The so-called perfin, standing for perforated initials or perforated insignia, is in fact a security marking used by companies and government departments to deter unauthorised use of their stamps. They were originally known as spifs for stamps perforated with initials of firms (Alderfer 1999). Stamps were legal tender and could be misused by greedy employees to buy goods like bread, cheese and ale (Alderfer 1999).
Compared with true dot-matrix print, perfin letters have fewer dots and a more primeval character, as the latter's holes do not conform to a grid. They imbue the coconut definitive with a touch of elegance and add another dimension to its typographic diversity. And as symbols of diverse companies, they embody the globalism and cosmopolitanism of Malaya. Yet in their heyday, perfins were regarded by philatelists as mutilations that made stamps worthless (Dewey 1971).
Malaya is not particularly speciose in perfins. There were about 110 official and private perfins, including different versions from the same company, counting the entries in Turnbull (2022). In contrast, private perfins alone numbered 2700 in Australia (Mathews 2002) and 25,000 in Britain (according to philatelist Peter Simpfendorfer).

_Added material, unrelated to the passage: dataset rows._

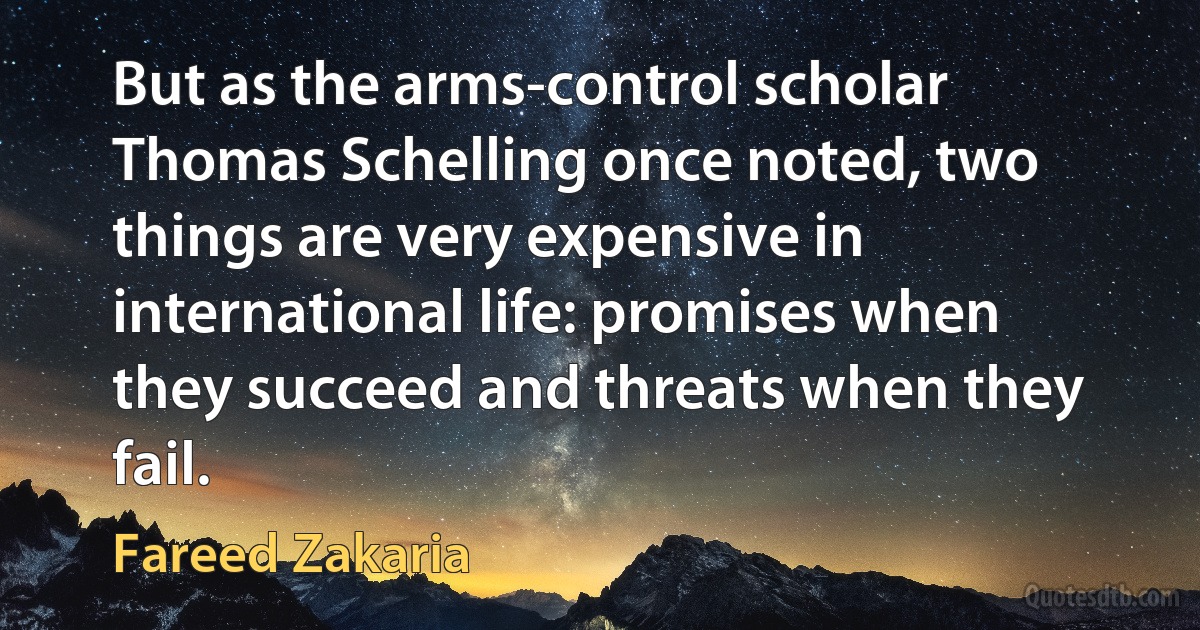 But as the arms-control scholar Thomas Schelling once noted, two things are very expensive in international life: promises when they succeed and threats when they fail. (Fareed Zakaria)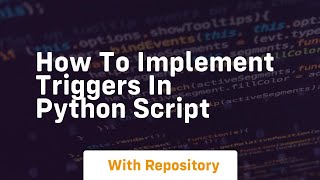Celebrity How to implement triggers in Python script Profile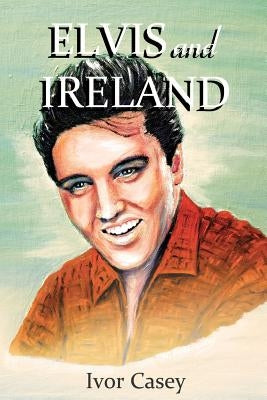 Elvis and Ireland by Casey, Ivor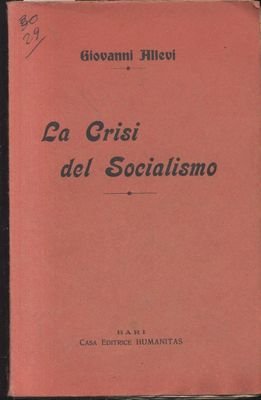 LA CRISI DEL SOCIALISMO di Giovanni Allevi 1913 Humanitas libro …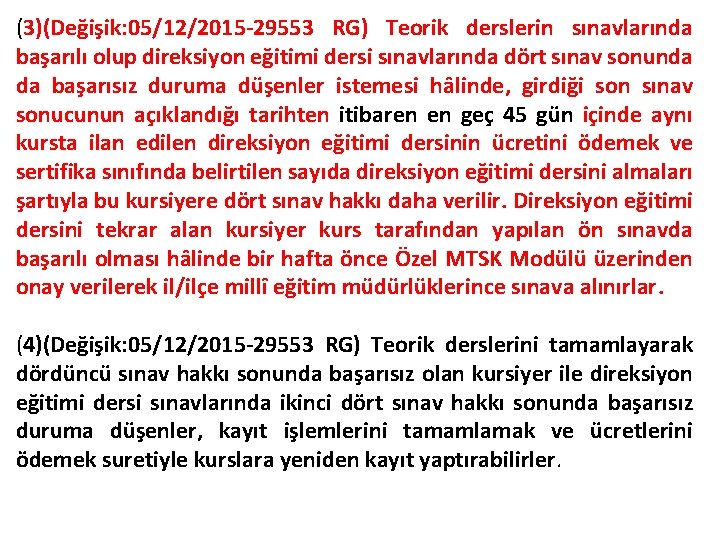 (3)(Değişik: 05/12/2015 -29553 RG) Teorik derslerin sınavlarında başarılı olup direksiyon eğitimi dersi sınavlarında dört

Samuel type d21 perforator (1940) of De La Rue (Cockburn 2010), which was individually applied to stamps (Freeland 2010). The word specimen marks a stamp provided to postmasters and postal administrations as a reference sample, and invalidates them against postal use. Perfins have a drawback here: the numerous holes may coincide with important design or print details. On the left is a philatelic conformer with nicely centered strikes of both the perfin and the multiple script ca watermark, while on the right is its rebellious cousin.
The conventional way of displaying perfins is to show the back of the stamp over a dark background, but the stamp's design cannot be seen in relation to the perfin. In the imaging technique developed by the author, however, uniform illumination from under the stamp "spotlights" the perfin amidst a darkened but visible stamp design.


Boustead & Co., an asset management and corporate finance company established in Singapore in 1828 that has grown from strength to strength with the country to this day. It was also the most prolific user of perfins (Peter Cockburn comm.). Left, a die used by the Singapore office (Turnbull 2022); right, a larger, scruffier die used by the Penang office (Turnbull 2022). A perfinned stamp is viewed less favourably on the market if the perfin cuts into the sides, but the author sees beauty in the human touch of perfin production.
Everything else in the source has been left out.